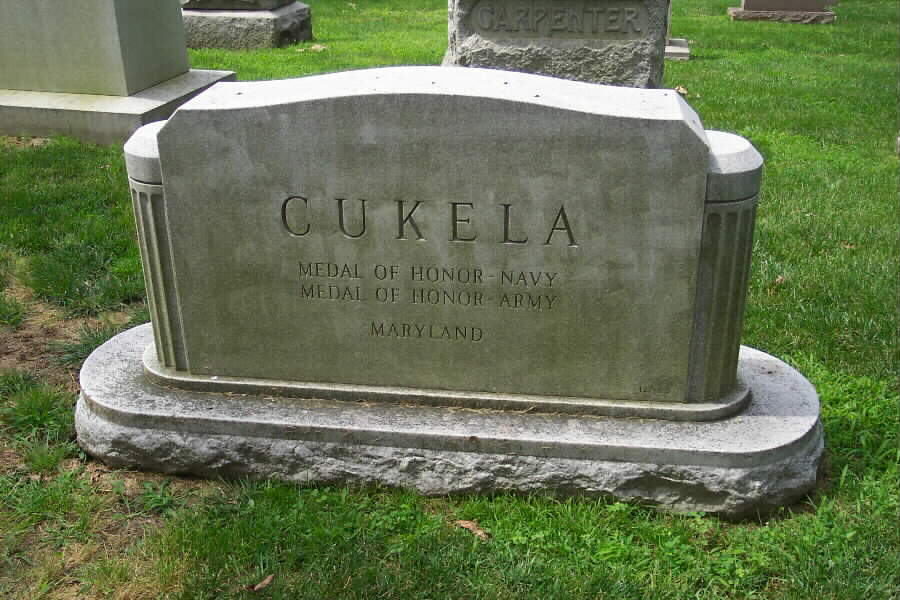 louis-cukela-gravesite-02-section1-062803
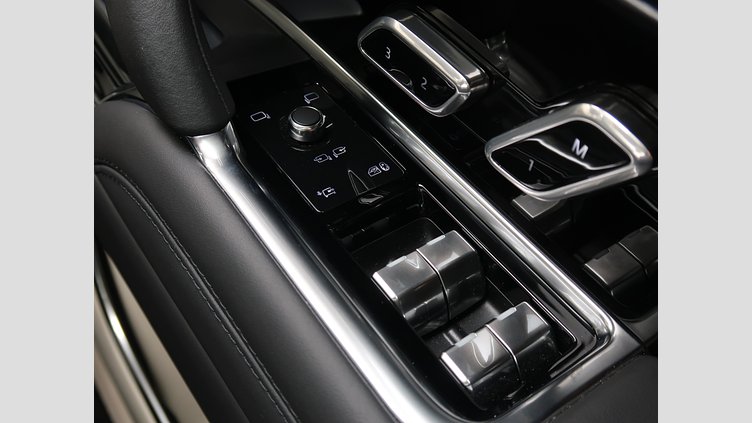 2023 認定中古車 Land Rover Range Rover オストゥーニパールホワイト P530 AWD（AT） スタンダードホイールベース HSE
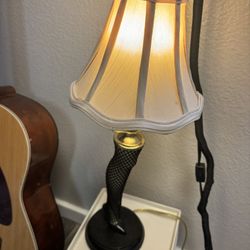 Lamp But It’s A Leg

- **EXERCISE**
Leave out the pictures, and retype exactly the lines from the one containing "2023 認定中古車 Land" through the final line of the data.

- **RESULT OF THE EXERCISE**
 2023 認定中古車 Land Rover Range Rover オストゥーニパールホワイト P530 AWD（AT） スタンダードホイールベース HSE
 Lamp But It’s A Leg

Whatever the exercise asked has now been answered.